The LGA continues to speak with the Government to help shape the reforms.

We welcome the Government’s acceptance of the large majority of the independent reviews' recommendations. For the Act to be successful there needs to be an improvement in the care that is provided to some of the most vulnerable people in our society. Along with changes we support the balance of appropriate safeguards but enable greater individual rights and liberties, with individuals having a more active role in care planning with a recovery focus.

Successful implementation will be heavily reliant on additional funding and workforce for mental health services and local authorities. Throughout the process, we will raise the necessity of additional resources to support to implement the new legislation.

The Government has undertaken an impact assessment; it addresses two main areas of new burdens for councils; the reforms/workforce pressures of approved mental health professionals and the increased demand on Independent Mental Health Services commissioned by councils; however, the impact of the policy and costs of the reform related to people with a learning disability and autistic people needs further clarification.

We have highlighted the need for the provision of appropriate post-discharge care and support, especially given the number of people with a learning disability and autistic people currently in inpatient services (of whom there are approximately 2,600 nationally) and those in the community at risk of being admitted to hospital without the right support (of whom there are an estimated 24,000 nationally. 
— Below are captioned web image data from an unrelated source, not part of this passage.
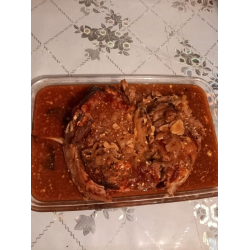 Рецепт: "Пьяный кролик" под сметанно томатной подливой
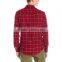 2016 new fashion latest red flannel shirt designs for men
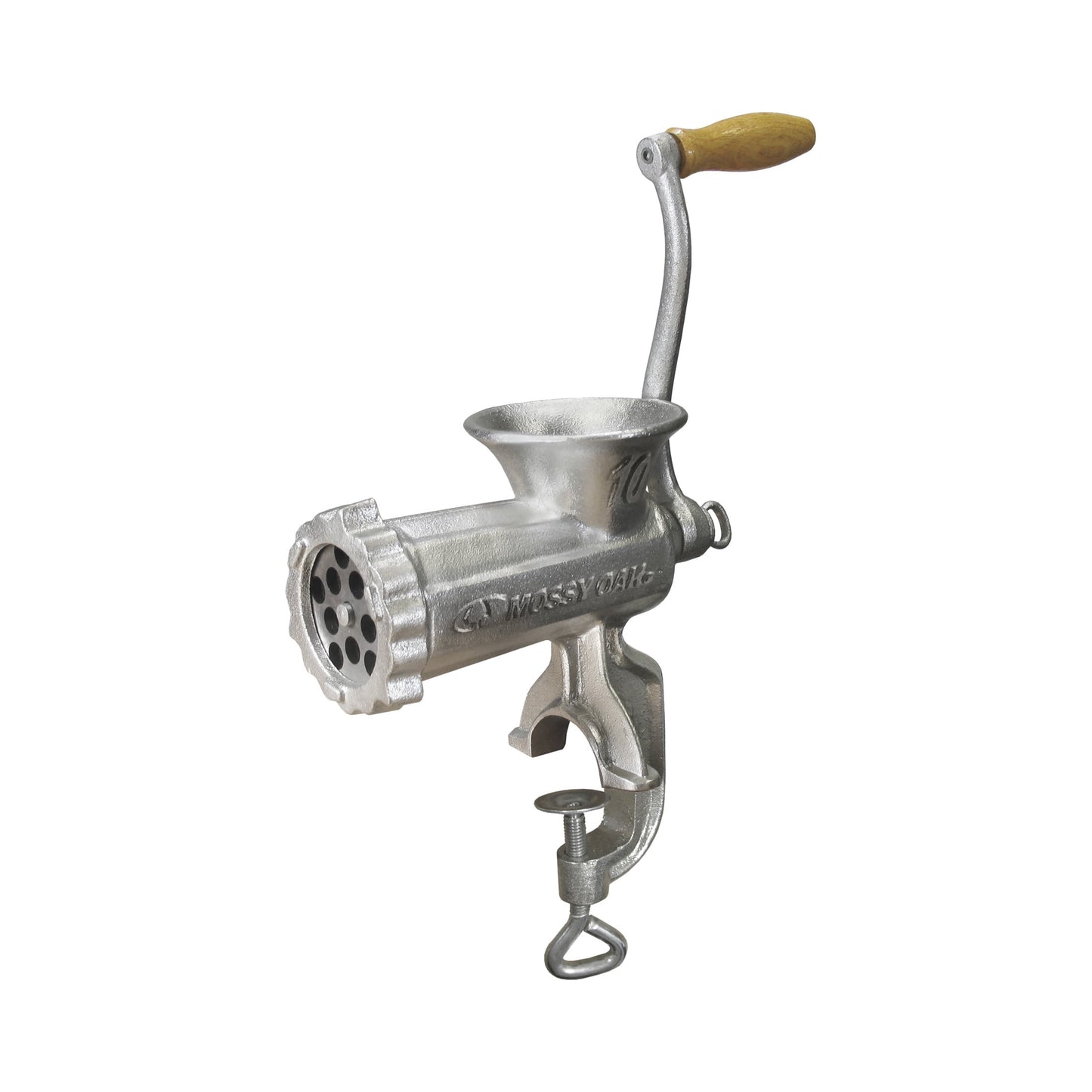 Mossy Oak Heavy-Duty Manual Meat Grinder & Sausage Stuffing Kit with 2 Grinding Plates and C-Clamp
There were 2,035 people with learning disabilities and/or autism detained in inpatient units at the end of March 2021. The average length of stay was more than five and half years, and 735 people had been detained for five years or more. NHS Digital (April 2021), ‘Learning Disability Services Monthly Statistics AT: March 2021, MHSDS: January 2021’, see LDA monthly statistics from AT data sheet, table 8.

The proposed reforms align with the national plan ‘Building the Right Support’ and the NHS Long Term Plan to develop community services and close inpatient facilities for people with a learning disability and autistic people who display ‘behaviour that challenges’, including those with a mental health condition.
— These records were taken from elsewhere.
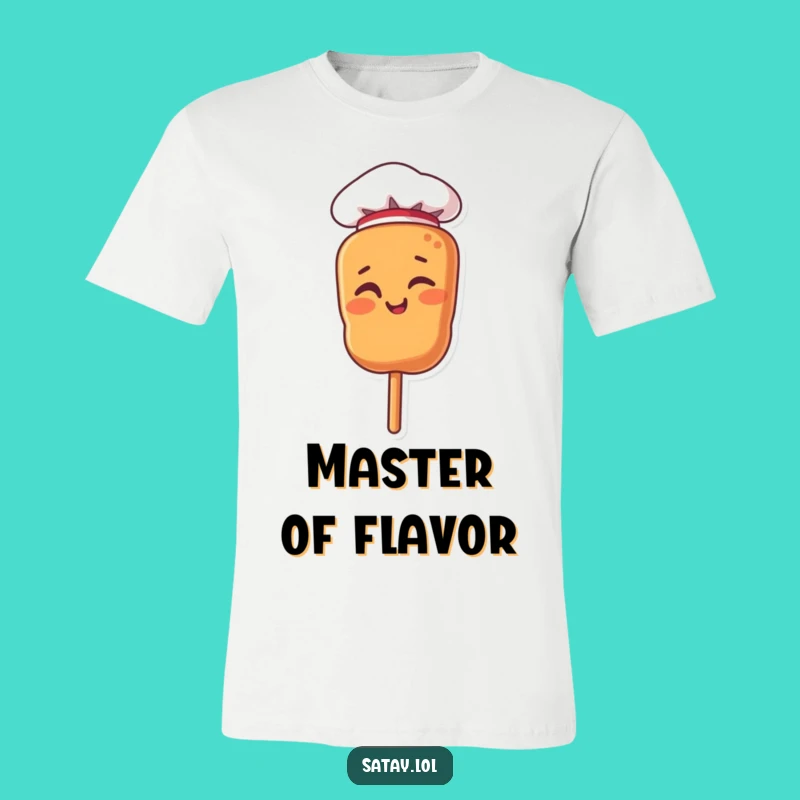 Funny Chef Satay Skewer T-Shirt: Winking Skewer Tee, Ideal Culinary Gift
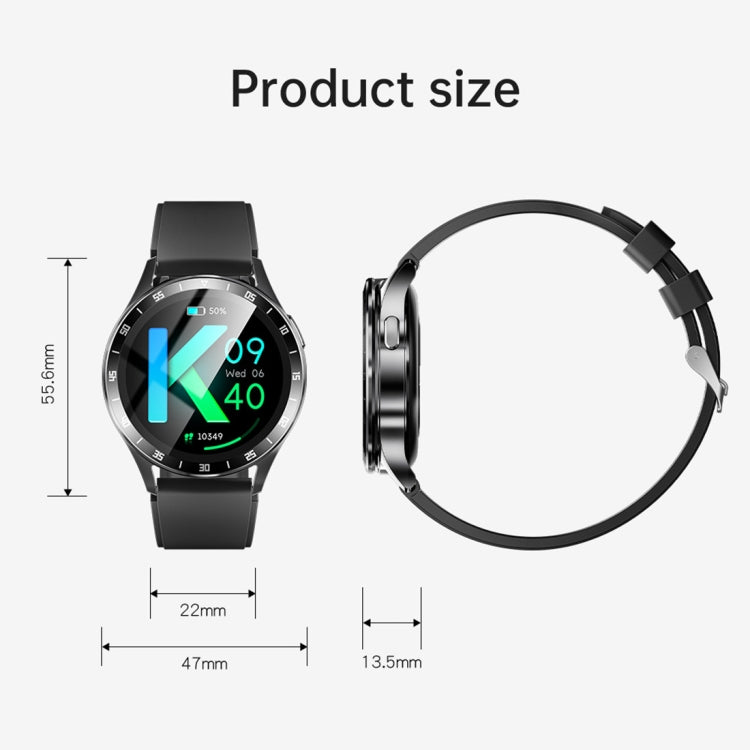 X10 Headphones Smart Watch 1.39 inch Waterproof Bracelet, Support Bluetooth Call / NFC / Heart Rate(Silver + Silicone) by buy2fix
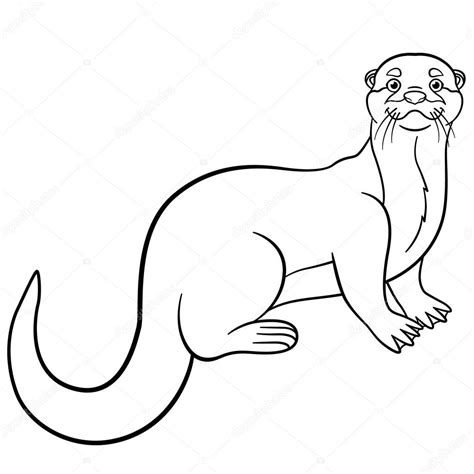 Otter Outline Drawing At Getdrawings Free Download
We support specific interventions to reduce the use of the Mental Health Act for people with a learning disability and autistic people, which are lifelong conditions.

Evidence suggests people in these groups are typically detained because they demonstrate behaviour’ that challenges possibly due to the persons communication, distress or the impact of the environment not being recognised and responded to by the people around the person. We strongly support the proposal to clarify the criteria for detention so that learning disability and autism are no longer grounds for detention on their own, without a co-occurring mental health condition. We are concerned this proposal in isolation will not lead to a meaningful reduction in the number of people detained. In our view, it is primarily the lack of community support rather than the legislative framework that has resulted in continued detentions of people.
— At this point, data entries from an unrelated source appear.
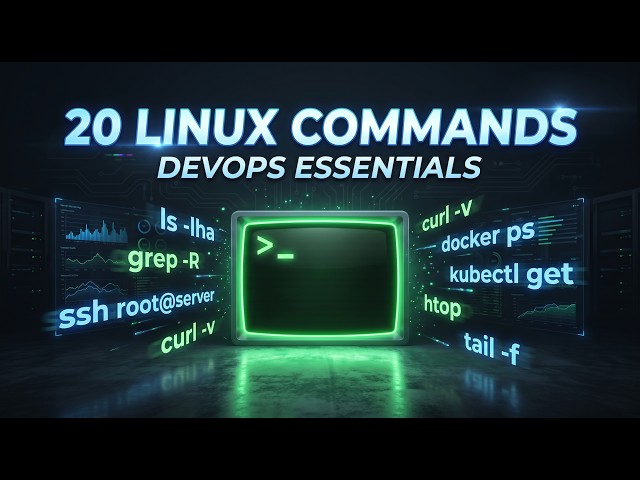 20 Linux Commands Every DevOps Engineer Uses
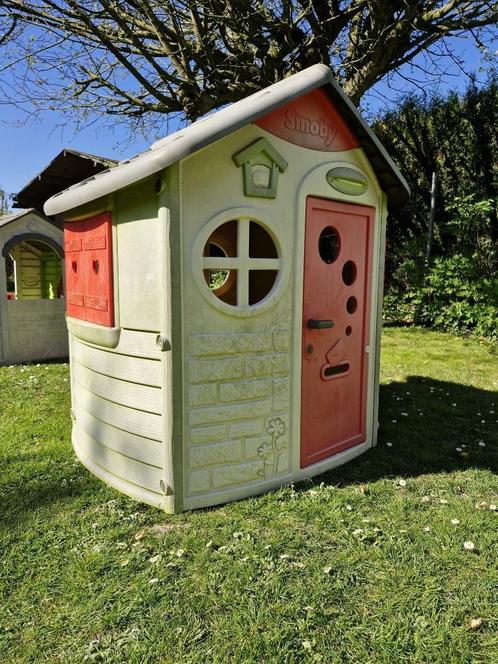 2x smoby huisje (als setje), Kinderen en Baby's, Speelgoed | Buiten | Speelhuisjes, Gebruikt, Kunststof, Ophalen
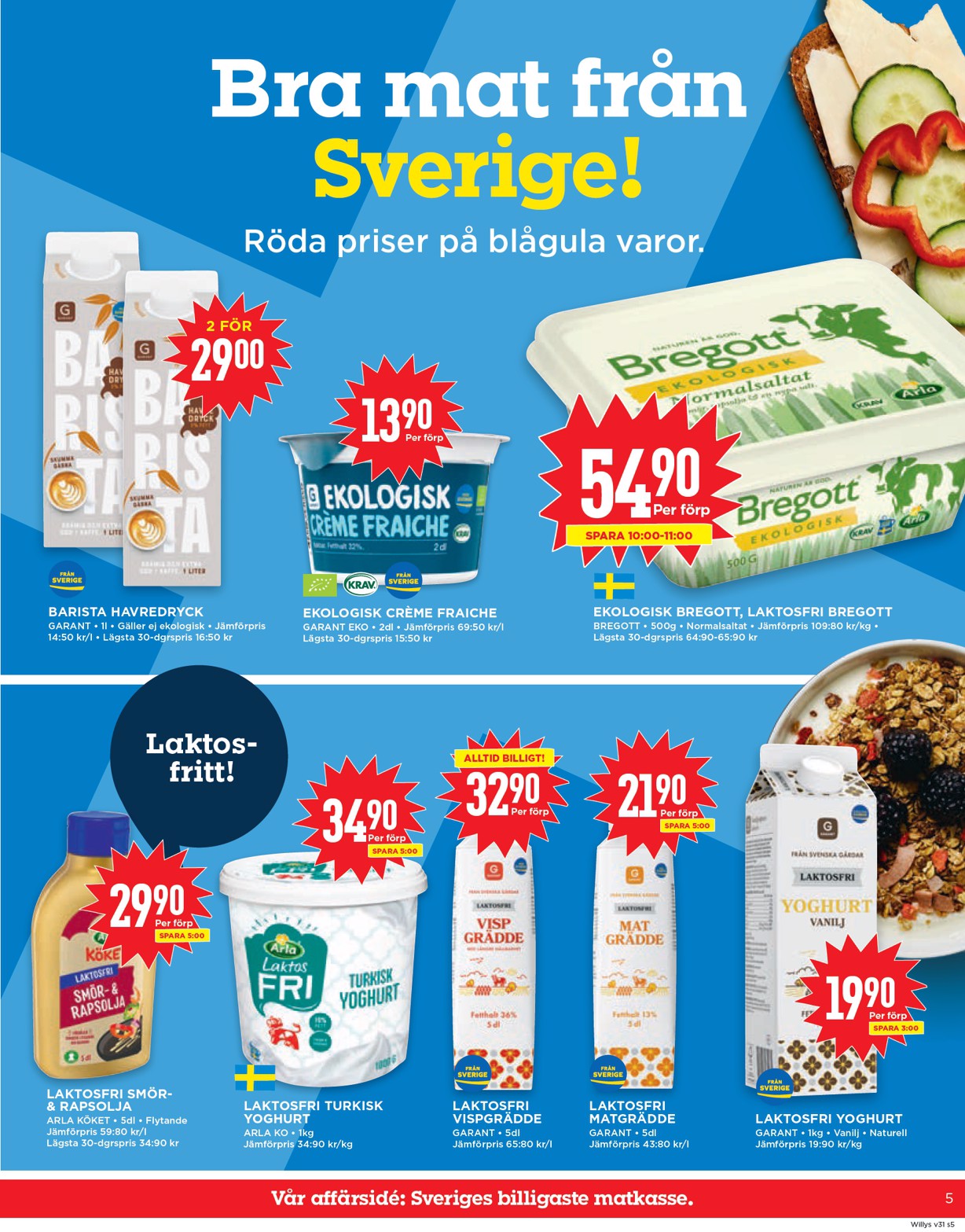 willy-s - Willy's-reklambladet giltigt från 28/07 - 03/08 - page: 5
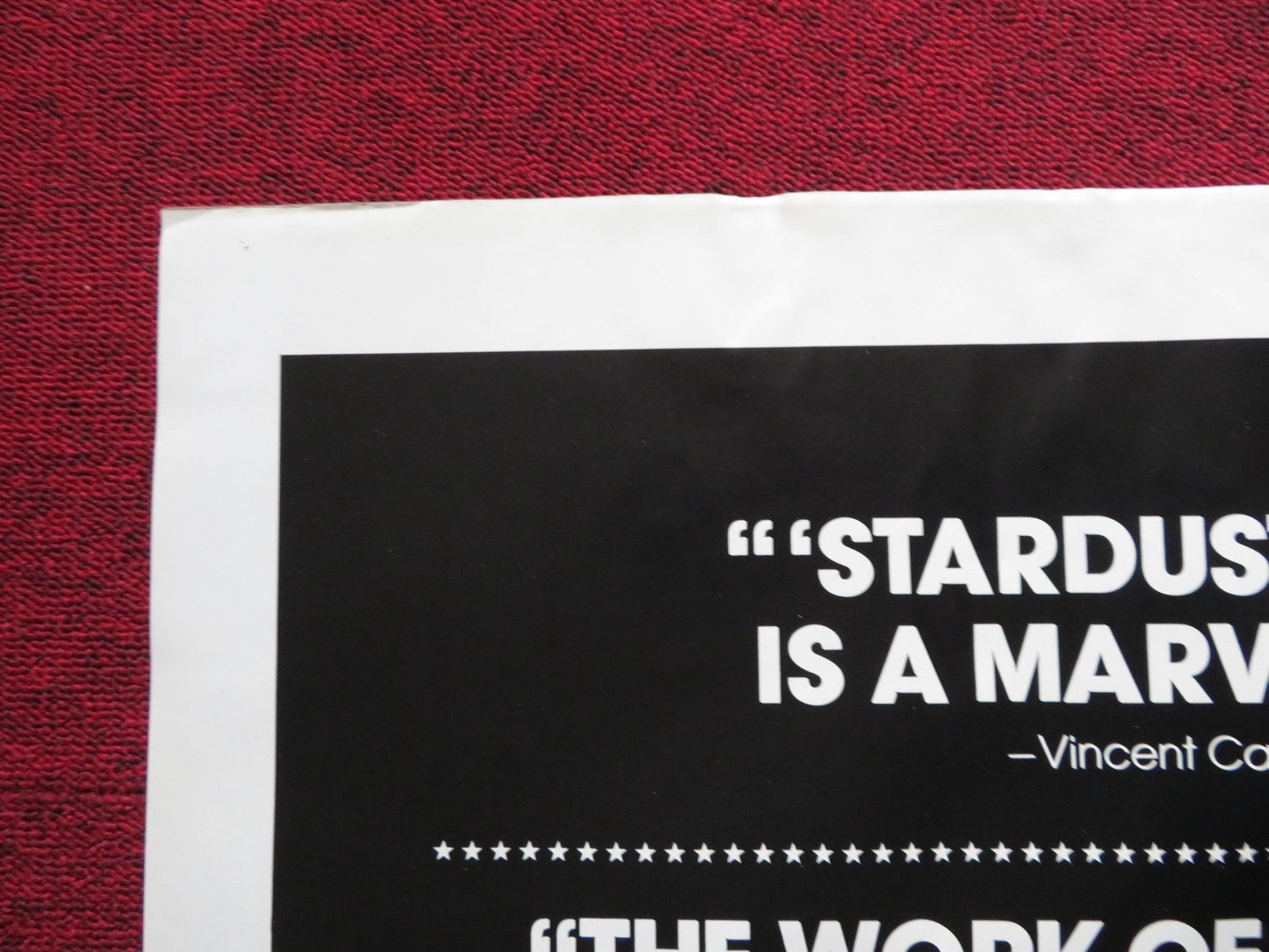 STARDUST MEMORIES - REVIEW FOLDED US ONE SHEET POSTER WOODY ALLEN 1980 Rendezvous Cinema Movie posters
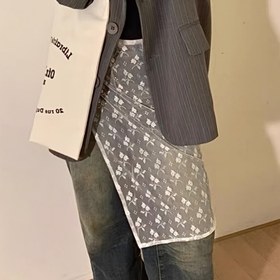 Resim Boho Chic Siyah ve Beyaz Çiçek Desenli Dantel Önlük - Yaz Modası, Şeffaf Çiçek Kurdele Tasarımı, Beli Sıkılaştırıcı, Eğlenceli Örgü ve Tığ, Partiler, Seyahatler, Tarihler, Plaj, Dış Mekanlar, Düğünler ve Tatiller için Mükemmel, Plaj Örtüsü | Bohem Tarzı | Dantel Önlük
The white paper proposes that the detention of people with learning disabilities and autism will remain possible for assessment and where a co-occurring mental health condition is diagnosed. Implementation will need to ensure that that behaviour associated with a learning disability or autism, including coping strategies, is not misinterpreted as a mental health condition and used to justify detention.

A reform of this size will naturally require further expansion of the mental health workforce with an understanding and expertise in supporting individuals with learning disabilities and autism needs. We look forward to the opportunity to influence training on the changes to the Act and supporting meaningful co-production and the development of expert-by-experience leadership roles.